# Chris King R45 vs. White Industries T11 hub



## frankruggiero (Mar 19, 2015)

Hi Experts.

Does anybody have an opinion on these hubs? Im leaning towards the White Industries, but is that a mistake?

Any info is greatly appreciated.

Thank you.

Frank


----------



## skinewmexico (Apr 19, 2010)

May be a random thing, but I had a buddy whose Di2 went into safe mode at a big ride last weekend due to an issue with his Chris King hub.


----------



## MMsRepBike (Apr 1, 2014)

As a matter of personal opinion I would never ride Chris King. I absolutely hate how the hubs sound. I find that those who use CK hubs and parts think they're better than others as well, as if they have something special. I happen to disagree there as well. So in general I also avoid those who use their products, or rather those that boast about it.

White Industries make a fine product and for me personally it's a no-brainer.


----------



## tvad (Aug 31, 2003)

Mike T did an excellent wheel comparison recently in which he described pertinent differences between hubs including White Industries and Chris King. If the search feature didn't suck so badly, I could find it for you.

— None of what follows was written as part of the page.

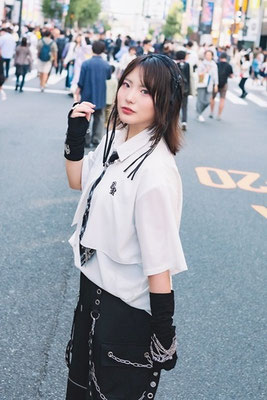 アンニュイな女性俳優｜一宮ゆろ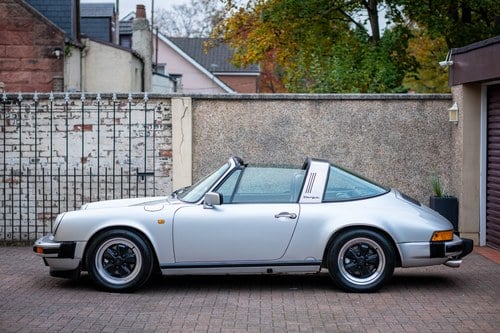 1988 Porsche 911 3.2 Carrera Targa In vendita (immagine 25 di 207)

I would suggest sending Mike T a private message asking him to send you a link to his post.


----------



## mimason (Oct 7, 2006)

I have R45s with over 30k miles and problem free. I'm got black ones because Im humble and don't want to think I'm better than anyone else. I got them because I had a choice of DTs or R45s and decided to give it a go. The sound is ok to me and you can use a little grease to quiet them down but they are not loud anyway. 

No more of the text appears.